● AIM OF THE TASK
Only the lines below from the one containing "China Factory Ceramic" through the one containing "Hotel Indigo Atlanta" belong in the answer, set down exactly, with the pictures left out.
··· LISTED ENTRIES
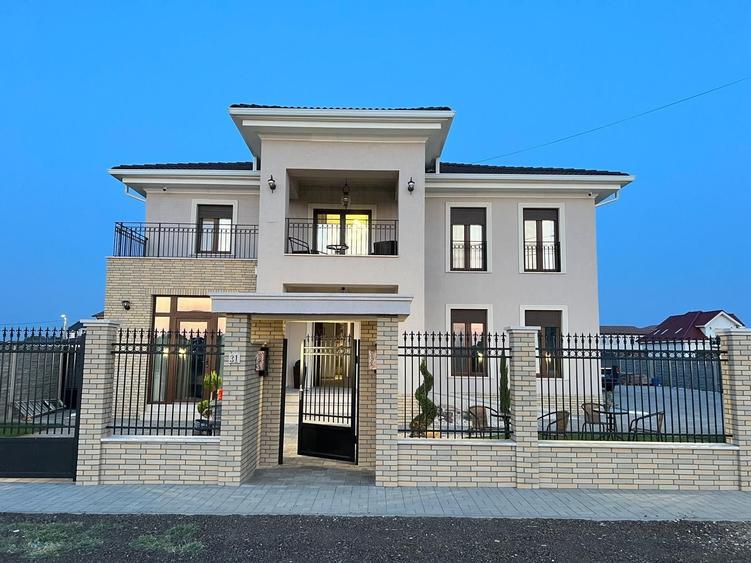 Casă cu 4 camere în Moșnița Nouă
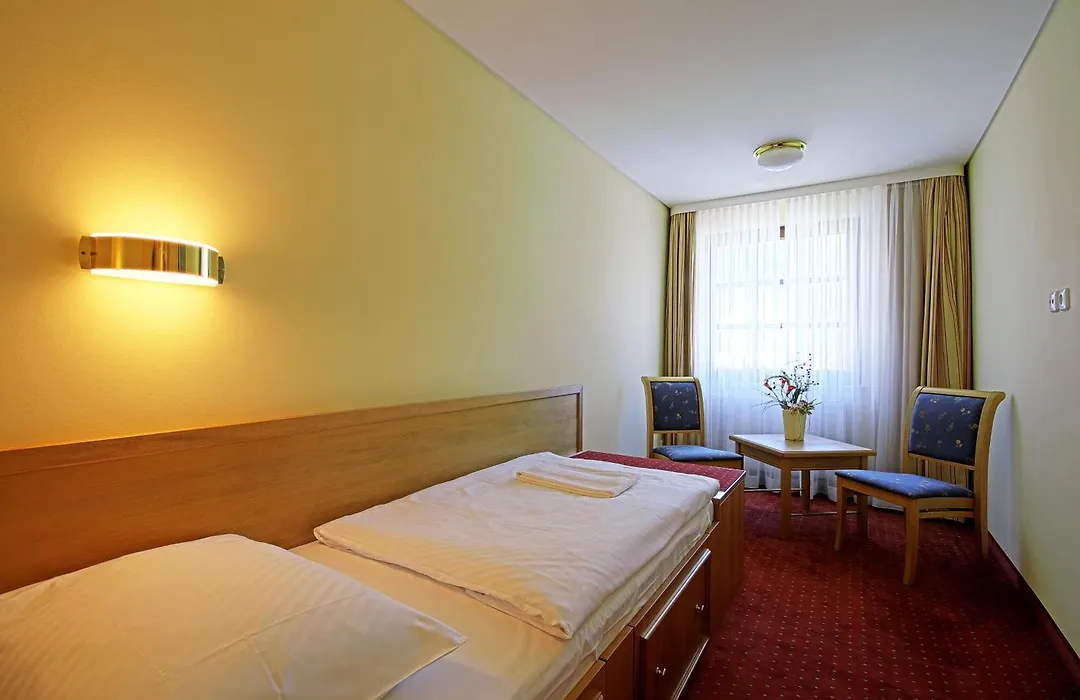 Ringhotel Warnemünder Hof-1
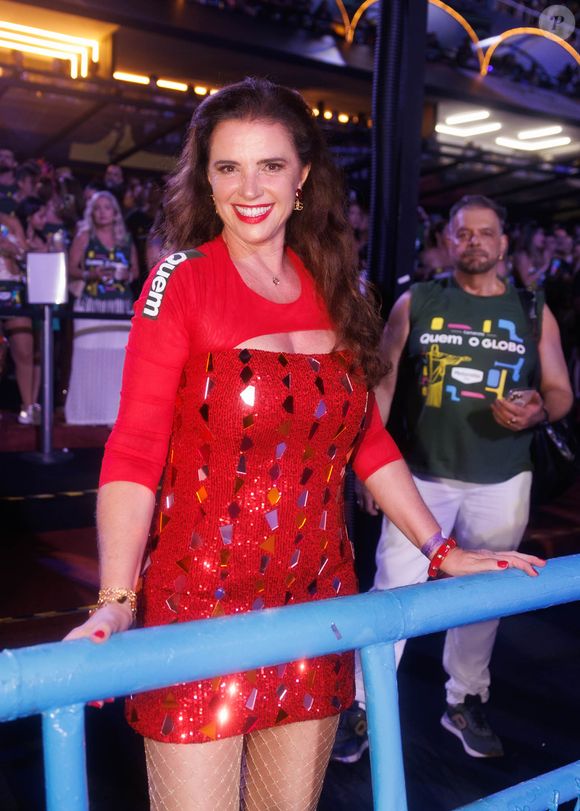 Musa icônica do Carnaval do RJ, Luma de Oliveira voltou à Sapucaí com look vermelho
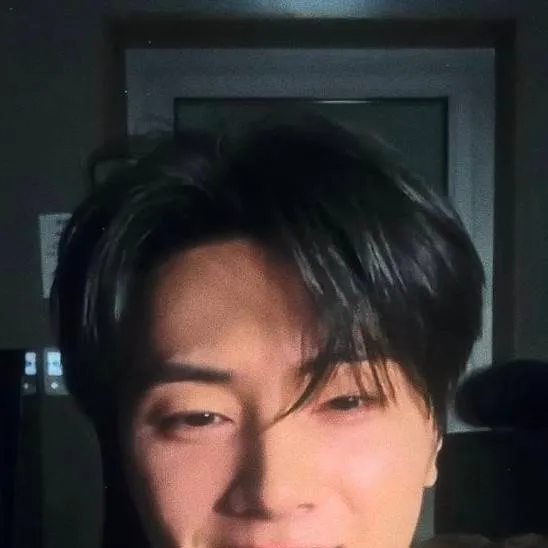 chat with ai character: Park jay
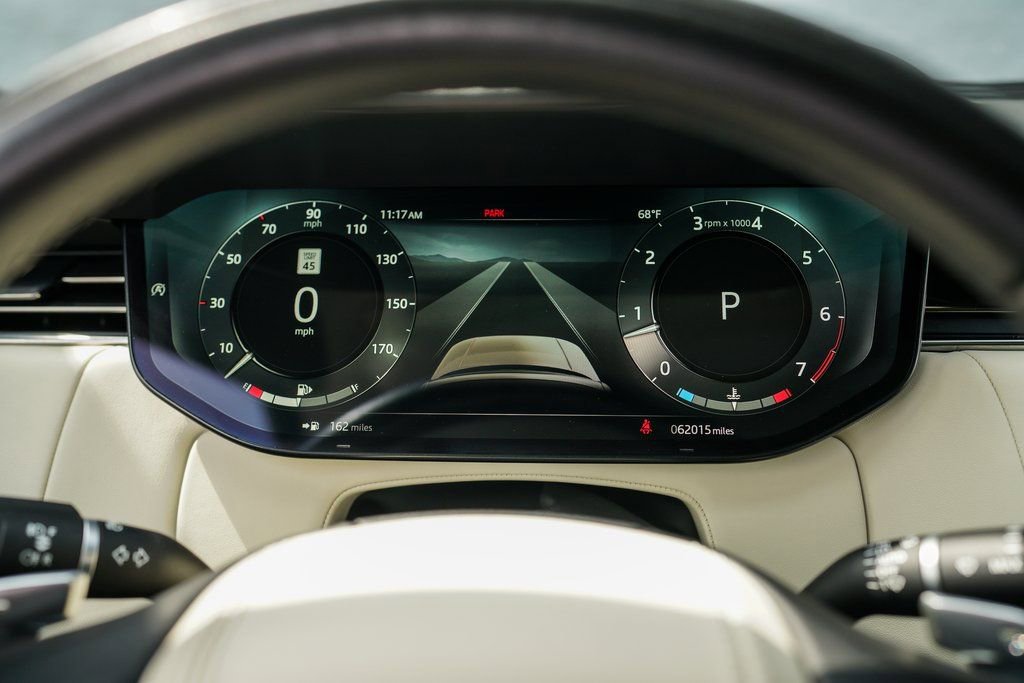 Used 2022 Land Rover Range Rover Long Wheelbase SE image 29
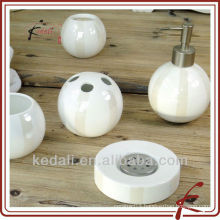 China Factory Ceramic Porcelain Bathroom Accessory Set Bath Product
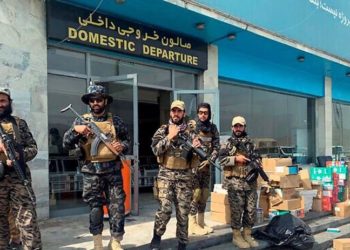 Taliban: Önceki yöneticiler de dahil yurt dışına gitmek isteyen herkese pasaport vereceğiz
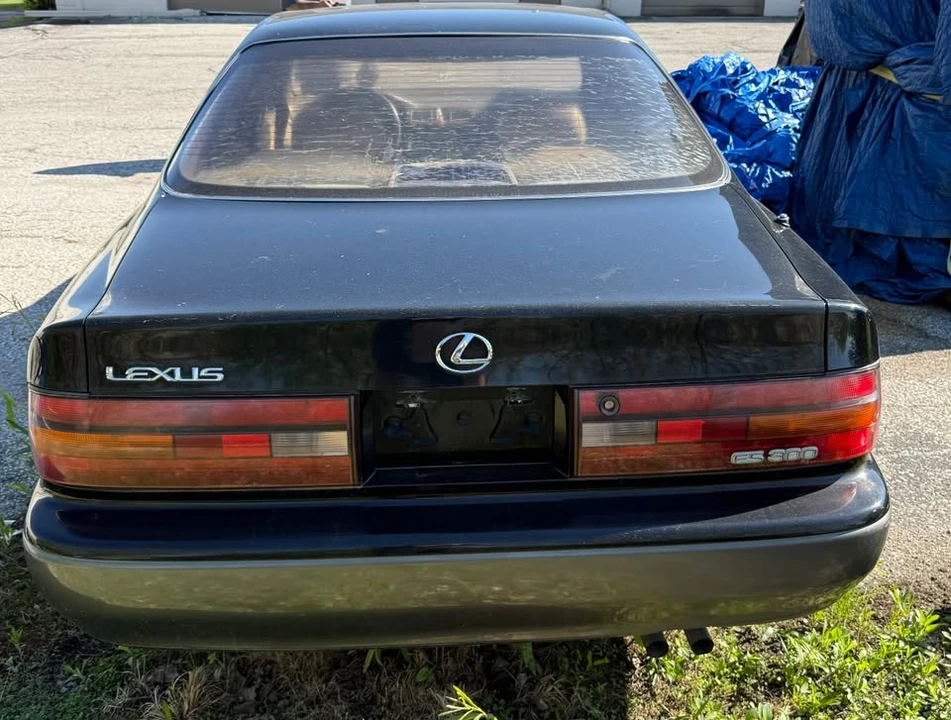 1993 Lexus ES 2nd Gen - Image 4 of 12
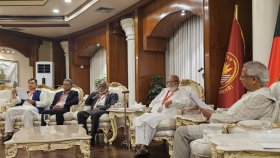 প্রধান উপদেষ্টার সঙ্গে বিএনপির বৈঠক চলছে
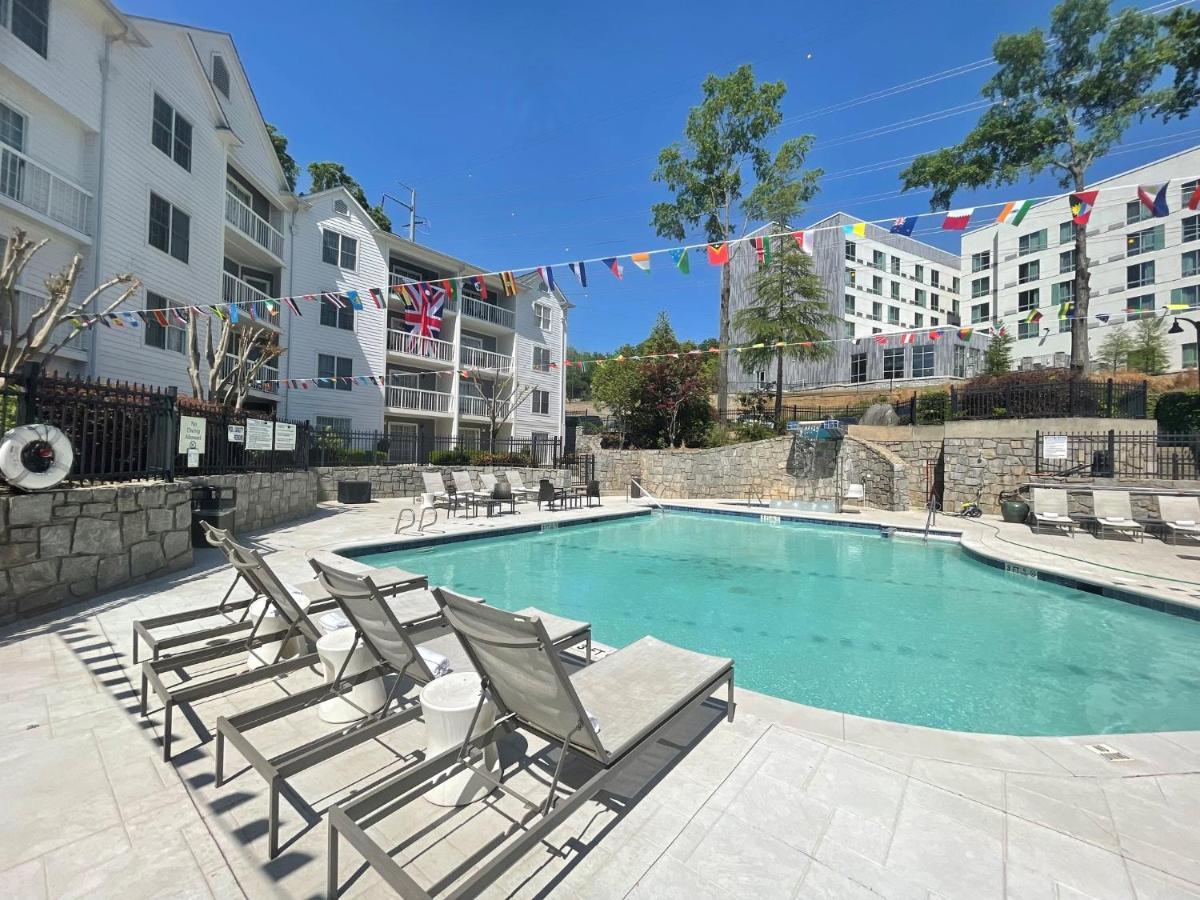 Hotel Indigo Atlanta Vinings By Ihg Smyrna Exterior photo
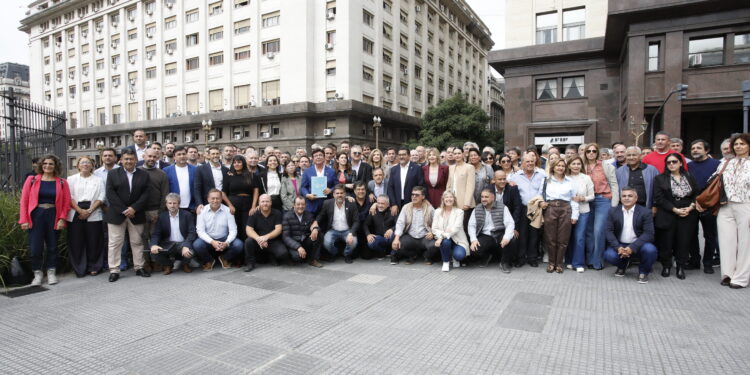 Intendentes de todo el país llevaron sus reclamos a Caputo en la puerta de Economía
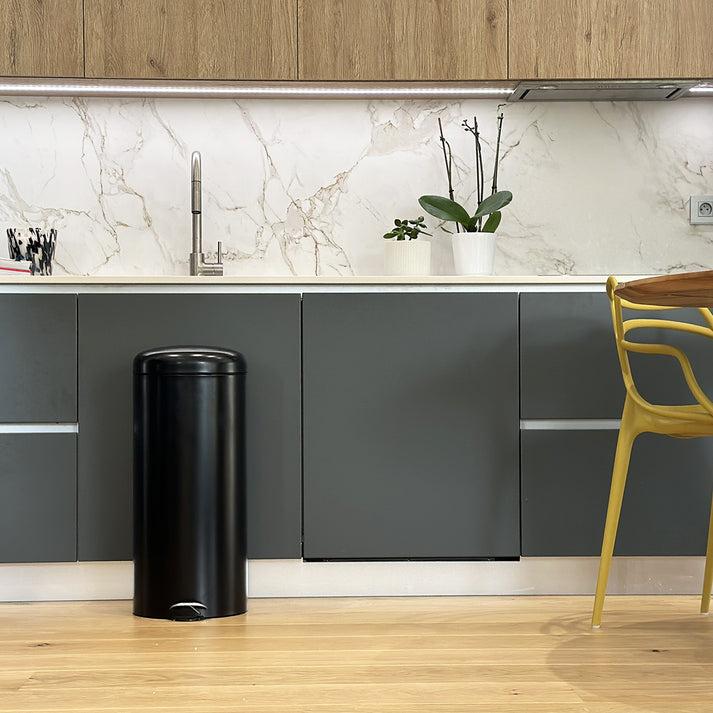Kitchen Move Poubelle De Cuisine à Pédale Basique Chic Cylindrique 30L URBAN Noir Mat En Acier Inox Avec Seau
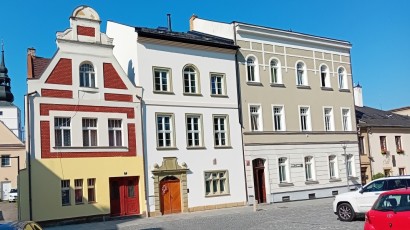 Tváře města: Rodinný dům na Jiráskově náměstí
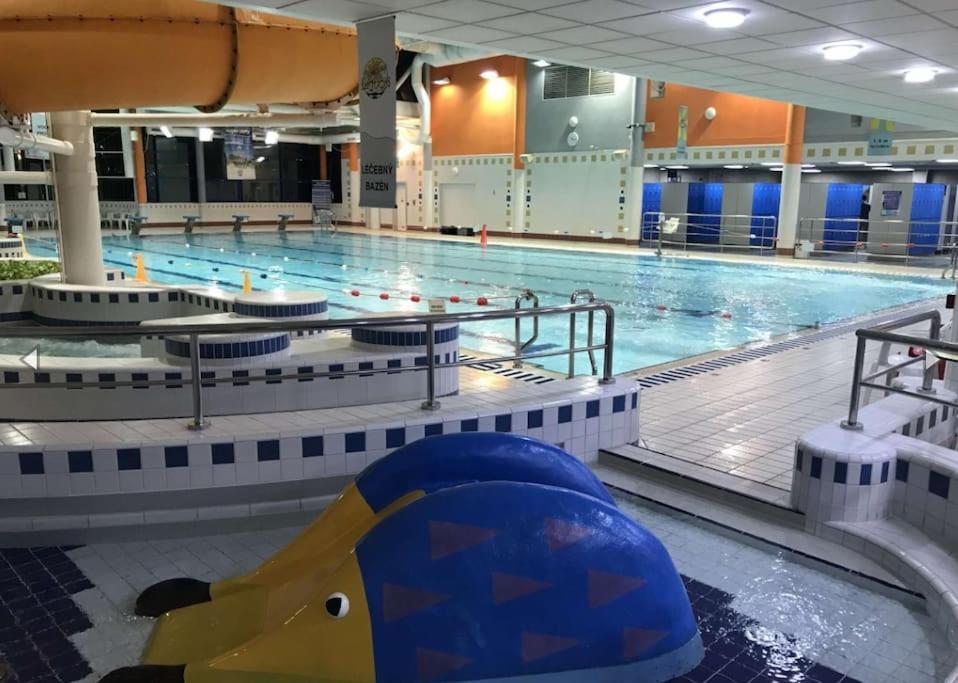 Apartmán u METRA, 4 hosté, parking free, blízko O2 arena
······
● ANSWER TO THIS PROBLEM
 China Factory Ceramic Porcelain Bathroom Accessory Set Bath Product
 Taliban: Önceki yöneticiler de dahil yurt dışına gitmek isteyen herkese pasaport vereceğiz
 1993 Lexus ES 2nd Gen - Image 4 of 12
 প্রধান উপদেষ্টার সঙ্গে বিএনপির বৈঠক চলছে
 Hotel Indigo Atlanta Vinings By Ihg Smyrna Exterior photo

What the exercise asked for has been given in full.